Meteorite study suggests Mars' ancient atmosphere may be locked in its rocky terrainOctober 23rd, 2013 by Bob Yirka in Astronomy & Space / Space Exploration
False colour image with overlaid X-ray maps of Si (green), Fe (red) and Ca (blue). Carbonate (orange) is observed to replace the olivine (blue) which are both surrounded by veins of clay (green). Image widths 124 µm. Credit: SUERC, University of Glasgow
(Phys.org) —A team of researchers from the U.K. and the Netherlands has found evidence of carbonation in a meteorite that was found in the U.S. back in 1931—prior research has proven that the meteorite is actually a rock that was blown off the surface of Mars and landed on Earth approximately, 3000 years ago. This suggests, the researchers argue in their paper published in the journal Nature Communications, that Mars' long ago atmosphere may not have escaped as has been suggested, but may instead be locked in its surface.

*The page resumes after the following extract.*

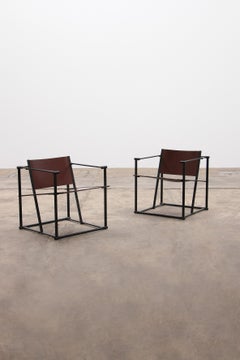 Set di poltrone Pastoe design di Radboud Van Beekum Modello FM60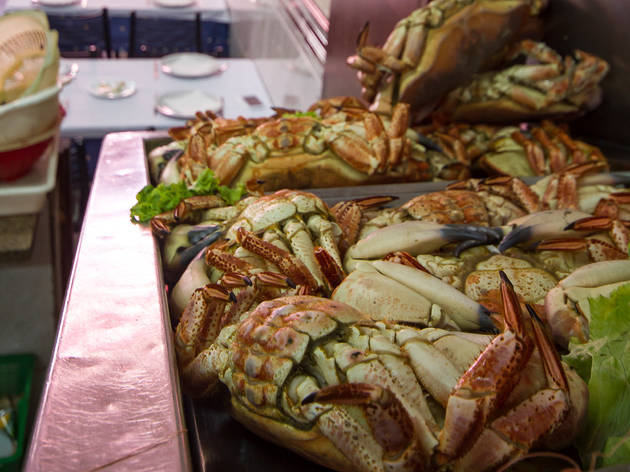 Restaurantes Marisqueira dos Pobres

Scientists believe that Mars once had a carbon dioxide rich atmosphere but it was mostly lost approximately three to four billion years ago. Why it was lost has remained a mystery—possibilities include problems with the planet's magnetic field, the solar wind, a strike by a massive foreign body, or according to the researchers with this new study, it may have simply been soaked up by the surface.
The Mars rock, known as the Lafayette meteorite made its way to Earth after an explosive event caused massive amounts of rocky material to be ejected from Mars into space. The rock itself has been found to be approximately 1.3 billion years old, is basalt based and is believed to have been formed by a volcano on the red planet. But, the researchers contend, something happened to the rock between the time it was formed and the time it was blown into space—they've found that siderite formed in the rock (due to interactions with olivine and feldspar) likely due to carbonation—the process by which minerals absorb carbon dioxide in the presence of water. That suggests of course that carbon dioxide in the atmosphere was being pulled into rocks on the surface and also that there was water present. If such carbonation happened on a large enough scale, it could mean, the researchers suggest, that some or most of Mar's ancient atmosphere has been sequestered in its surface. They also note that learning how Mars lost its atmosphere could provide new insights into how Earth's atmosphere is maintained or how it could be disrupted by global warming due to greenhouse gas emissions.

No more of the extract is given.